Sedangkan di desa, wanita hanya melaksanakan kewajiban utama.  Hiburan utama di kala senggang, paling hanya mengobrol dengan tetangga dan nonton televisi bagi yang punya.

Memang masih ada perbedaan kondisi (atau nasib) wanita di desa dan di kota.  Memang perlu adanya banyak usaha untuk menyamakan persepsi keteraan gender, khususnya pada masyarakat pedesaan.  

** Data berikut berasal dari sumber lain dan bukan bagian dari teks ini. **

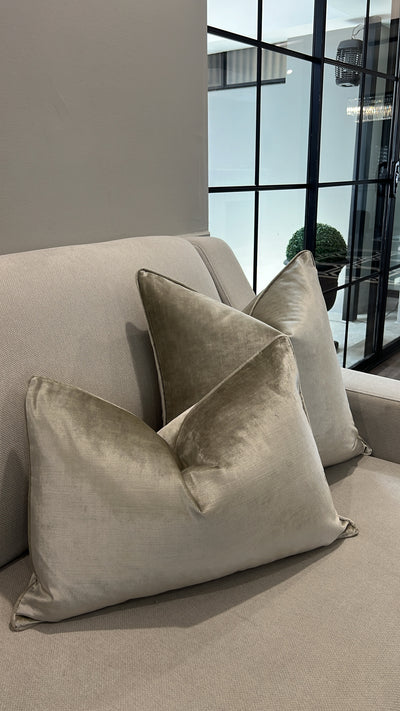 De-luxe powder velvet cushion - Luscious Homewares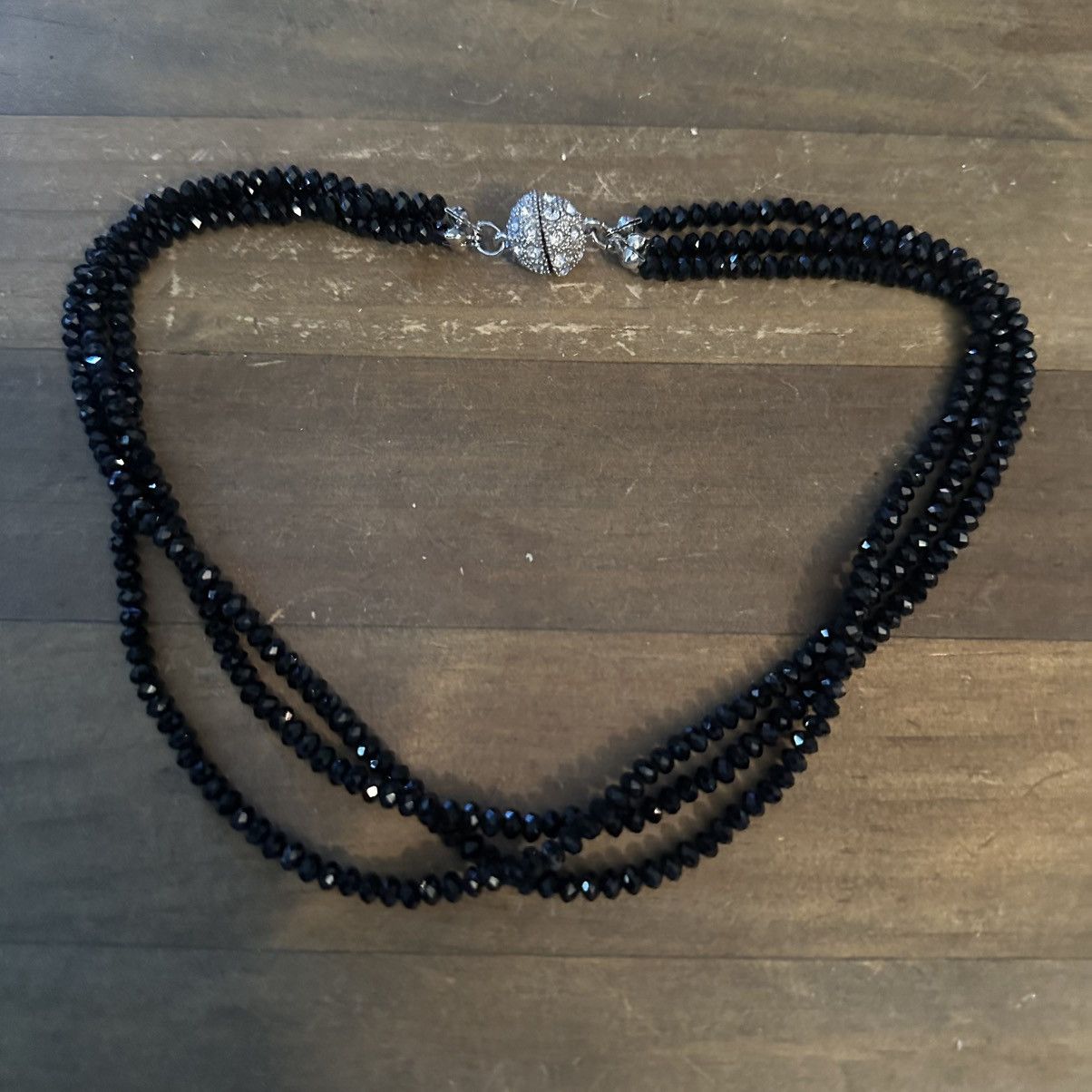 Vintage Vintage triple strand black glass bead necklace Size ONE SIZE - 2 Thumbnail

Lebih khusus lagi, pada generasi-generasi yang mendatang, agar mendapatkan pendidikan dan kesempatan yang lebih baik, sehingga wanita menjadi penyumbang bagi pembangunan.  Menjadi subyek utama, bukan subyek pendukung atau bahkan obyek.

Mungkin, bagi anak perempuan di desa.  Peluang dan kesempatan mulai mudah diperoleh.  Pendidikan minimal bisa mencapai tingkat menengah, kecuali untuk daerah-daerah terisolir.  

Bagaimana dengan wanita yang sudah berusia lanjut dan tidak mendapatkan pendidikan yang layak saat muda.  Jawabnya adalah dengan program pemberdayaan wanita.  Melalui kegiatan-kegiatan produktif yang disukai.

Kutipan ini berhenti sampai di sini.